The whole experience is eerie and surreal. Save for the odd caretaker, it is a Russian lego town at 78 degrees north, with no mammals overnighting other than polar bears. Pyramiden is not an easy place to get to, but it was so worth it. The vista was paralysing and intoxicating as one. Wow – just wow!
"79.5 degrees not now and the big footprints in the ice augur well. I just hope we find one. Either way, what a privilege it is just to see this."
This is the first time in my life I have been paid to be on a ship – a rather unlikely turn of events for all that know me. However, I guess rather this route to the revenue line than being a staff photographer on a booze cruise off Cancun. Should that day ever come, I doubt these newsletters will be continuing.

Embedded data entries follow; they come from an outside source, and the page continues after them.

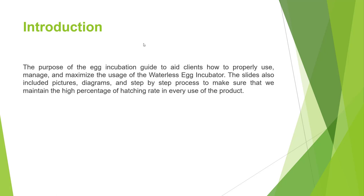The purpose of the egg incubation guide is to aid clients or users on how to properly use, manage, and maximize the usage of a waterless egg incubator. The slides also include pictures, diagrams, and step-by-step processes to make sure that we maintain a high percentage of hatching rate.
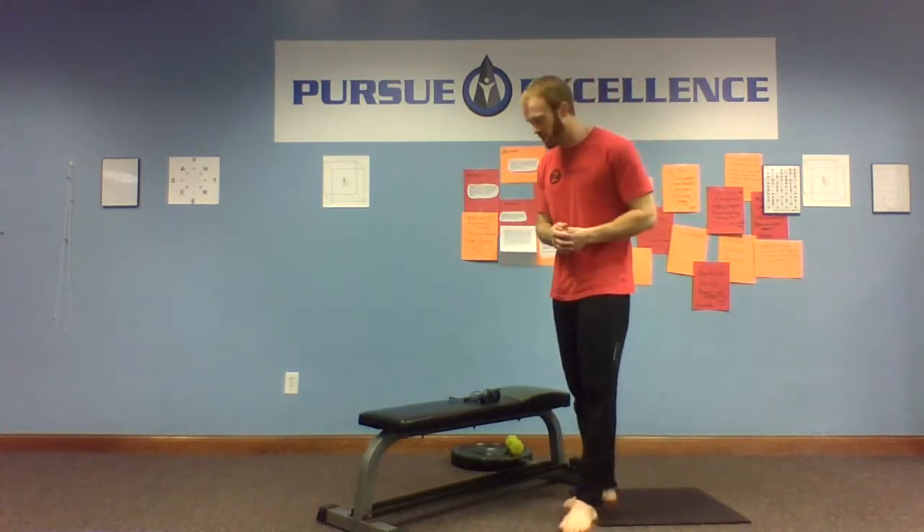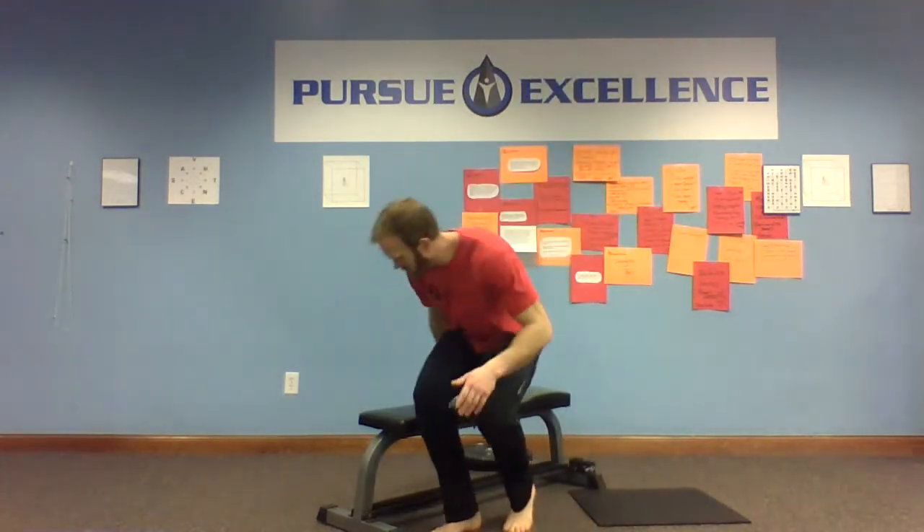The first thing we're going to do is not really an exercise — I want you to do an assessment first. We're going to keep it simple: just walk. Spend about 20 seconds walking around the room you're in. Get a feel for how those feet are interacting with the ground — how does the ankle, the lower leg, the knee, the hip, the low back — how does all that feel as you walk? That's your baseline assessment, and after each exercise we're going to go back and reassess.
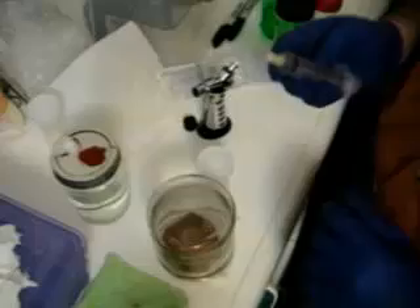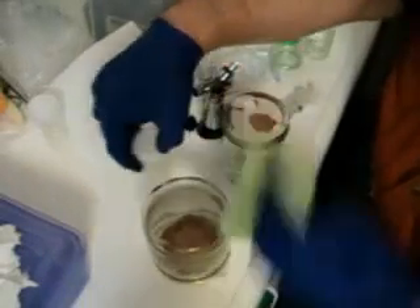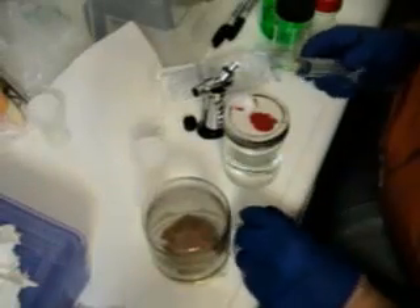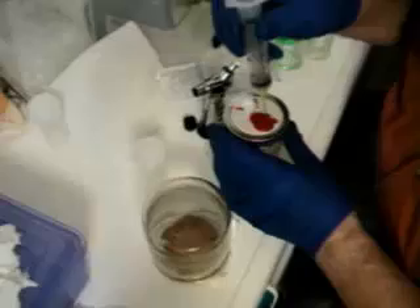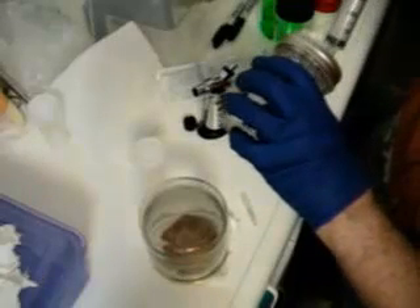The first thing you're going to want to do is take your rubbing alcohol and clean the self-sealing port. I'm probably going to wipe that needle down too. And you want to fill your syringe with sterile water.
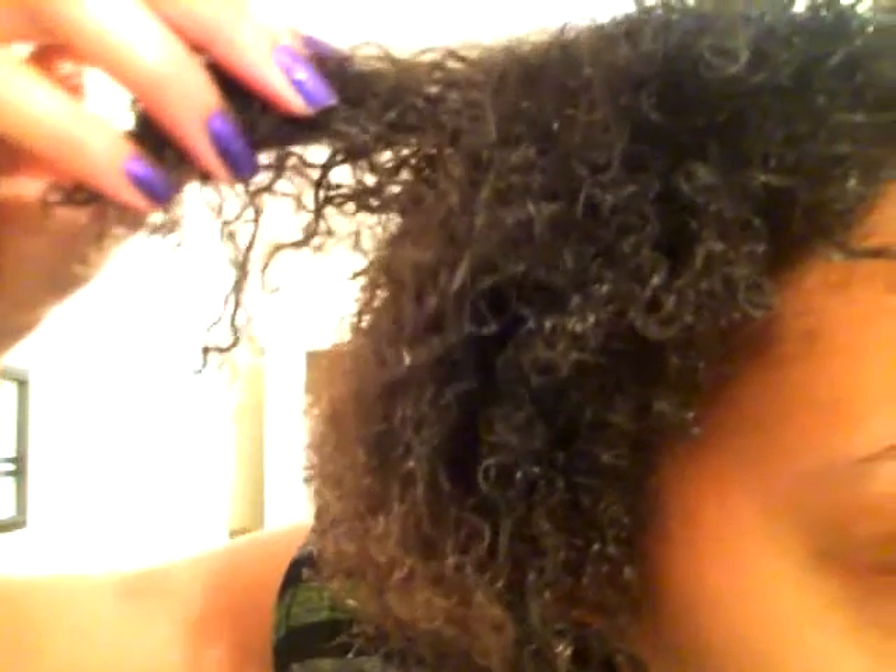I don't feel like wearing the curls out right now. They're going to dry and look more defined — right now it's a little wet and you can't really tell what's going on. I think I want to wear it in a banana clip, so you get to see me force all of this hair into this little bitty clip.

This is a proper adventure – 25 people have been thrown together in a “Noah’s Ark” of nationalities. The ice worthy boat is from Gothenburg, Sweden, the crew is also Swedish and the two guides are Dutch. That is a good start for me, given the great number of contacts I have in both countries. We have a great gallery in Holland and work with the fabulous Fotografiska Museum in Stockholm. Hasselblad, the iconic Swedish camera brand, have kindly lent me some
equipment to test on the trip and are also from Gothenburg. The passengers are global – one from the Philippines, three Aussies, three Americans, an Israeli and then three Brits and all come with good Nikon and Canon camera equipment with one shared goal – to photograph polar bears. My job is to help, as and when I can.
It’s rather akin to a reality TV show where strangers are brought together in a confined space and asked to build immediate friendships. If I suffer from cabin fever or if I am awkward with strangers, I will surely find out in the next 10 days. There is no escape from this vessel.
The sun never sets at this time of year which means we have 240 hours of daylight to search
for polar bears and then hopefully get as close to them as possible without taking any irresponsible risks. Sleep will be taken as and when – there is no real sense of night and day up here in mid-summer.
During my talk at the first dinner on board, it was important for me to manage expectations. There is a chance we are unlucky with nature and we could spend all 240 hours looking at icebergs, ice caps, and glaciers – but no polar bears. Should this happen, it will be no one’s fault – the Swedes, the Dutch and the single Scot cannot be responsible for polar bear movements. It is the random walk of nature and if we are ultimately unsuccessful, there are worse ways to spend 10 days – the scenery here is truly sensational.
"We have binoculars that can identify bears two miles away, zodiac boats and most important of all, enough whiskey to destabilise a walrus..."
But what we do have on the boat is years of experience and should nature play ball, we will do our very best to impose ourselves on the situation. We have binoculars that can identify bears two miles away, zodiac boats and, most importantly of all, enough whisky to destabilise a walrus – in fact a walrus colony.
There is more sea ice and fast ice around Svalbard than there has been for many years – and our prescribed passage north and then east is blocked. Global warming is for real, but not necessarily year
on year. The exploration season is a month late up here after an abnormally severe winter and this is welcome news,
as with fast ice comes bears and the daily ice reports are highly encouraging.
I hope next month’s report will contain at least one cracking image from here. As always that is the goal – just one or two great shots – not a portfolio with a tail. I can’t do any worse up here than I have in the past.